Given a string S, what is the best algorithm to find a substring which repeats maximum number of times.
For example, in "assdssfssd", it is "ss" which repeats maximum number of times.
+1
A:
I can see building a tree to solve that particular problem.
There is a notional root node. The first character is the first child. The second character is a child of the first character a -> s in your case. It also begins a new leaf of the root node. If, in adding a node, you visit an existing node, you increment its count (initial value 1).
Once done, you visit every node of the tree to find the one with the highest count at the deepest level (because if "asdf" occurs 5 times then "a", "as" and "asd" occur a minimum of 5 times, by definition).
cletus
2008-12-18 14:09:54
+1
A:
The substring that repeats the most will be a single letter, so you'll find the letter that occurs the most.

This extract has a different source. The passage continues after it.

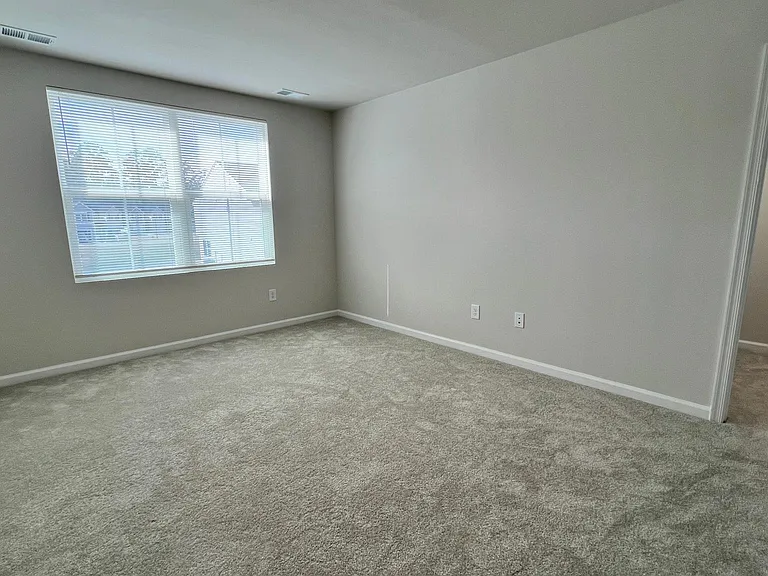 243 Christiana Ln #B — Photo 62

This is quite easy:
>>> str = 'Can Berk Güder'
>>> letters = [l for l in str]
>>> uniq_letters = set(letters)
>>> counts = [(letters.count(l), l) for l in uniq_letters]
>>> counts
[(1, 'B'), (1, 'C'), (1, 'G'), (1, 'a'), (1, 'd'), (1, 'k'), (1, 'n'), (1, 'ü'), (2, ' '), (2, 'e'), (2, 'r')]
Can Berk Güder
2008-12-18 14:10:03
Don’t forget the empty string! :)
Bombe
2008-12-18 14:14:08
That depends on the definition of the problem. In the case of "asasd", what is the most common substring? "a", "s" or "as"? I'd say its the longest substring in the case of a tie otherwise the problem is trivial, like you say, unless you need to find all equally occuring substrings.
cletus
2008-12-18 14:14:09
@Bombe: I assumed the empty substring was ignored, since it occurs infinitely many times in any string. =)
Can Berk Güder
2008-12-18 15:24:06
@cletus: Note that a longer substring cannot occur more than a shorter one, so a shorter answer (substring) is just as good. Of course, things change if all correct answers need to be listed.
Can Berk Güder
2008-12-18 15:25:36
@CanBerk: the problem also needs to be clarified as to whether "any", "all" or "the longest" most frequent substring(s) need to be returned.
cletus
2008-12-19 01:47:10
A:
// C# code, finds one of the most occurred non-empty substrings in O(n), proof by the reader!
int[] x = new int[65536];
foreach (char c in myString)
x[(int)c]++;
int max = 0;
for (int i = 0; i < x.Length; ++i)
if (x[max] < x[i])
max = i;
return ((char)max).ToString();
This probably isn't what you want, though. You might need to look at something like Huffman coding...
Mehrdad Afshari
2008-12-18 14:11:10
+1
A:
Sounds like you are looking for something close to a compression algorithm. Compression works by finding redundant (repeated) information, and replacing it with a pointer to the first occurrence. Here are a few samples of code to do so:
http://www.developerfusion.com/code/1642/string-compression/
http://www.howtodothings.com/computers/a1223-simple-string-compression.html
Bork Blatt
2008-12-18 14:13:39
A:
In a "N" lenghted Strings,
No Of "1" character will be "N" which requires comparision of N * (N-1) / 2
No of "2" characters will be "N-1" which requires comparision of (N-1) * (N-2) / 2
No of "3" characters will be "N-2" which requires comparision of (N-2) * (N-3) / 2
.............
and No of "N" characters will be "1" which requires compariosn of (1 * 0 / 2)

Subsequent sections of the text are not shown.